Problem statement: Copy out exactly the stretch of the listing below that begins at the line containing "NEW YORK CITY - APRIL" and ends at the line containing "close up of little boy playing guitar on bed", and copy nothing outside it.

Records for this task:
'''

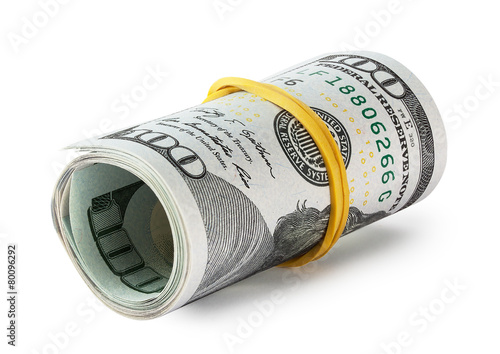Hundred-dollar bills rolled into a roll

'''
'''

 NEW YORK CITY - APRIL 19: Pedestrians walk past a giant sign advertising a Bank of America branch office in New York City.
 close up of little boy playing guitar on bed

'''
'''

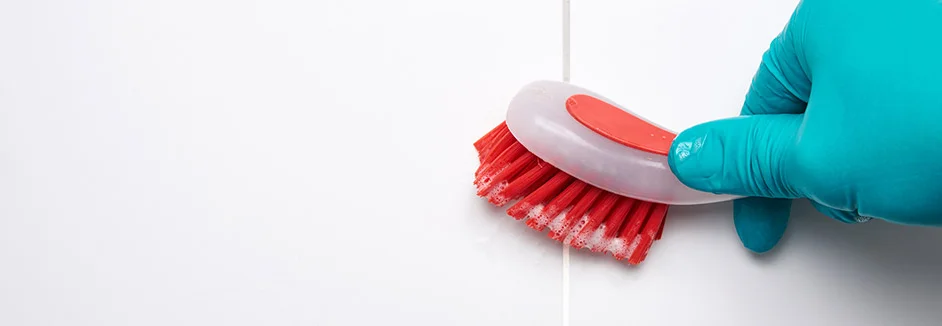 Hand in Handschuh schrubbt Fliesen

'''

Finished task:
 NEW YORK CITY - APRIL 19: Pedestrians walk past a giant sign advertising a Bank of America branch office in New York City.
 close up of little boy playing guitar on bed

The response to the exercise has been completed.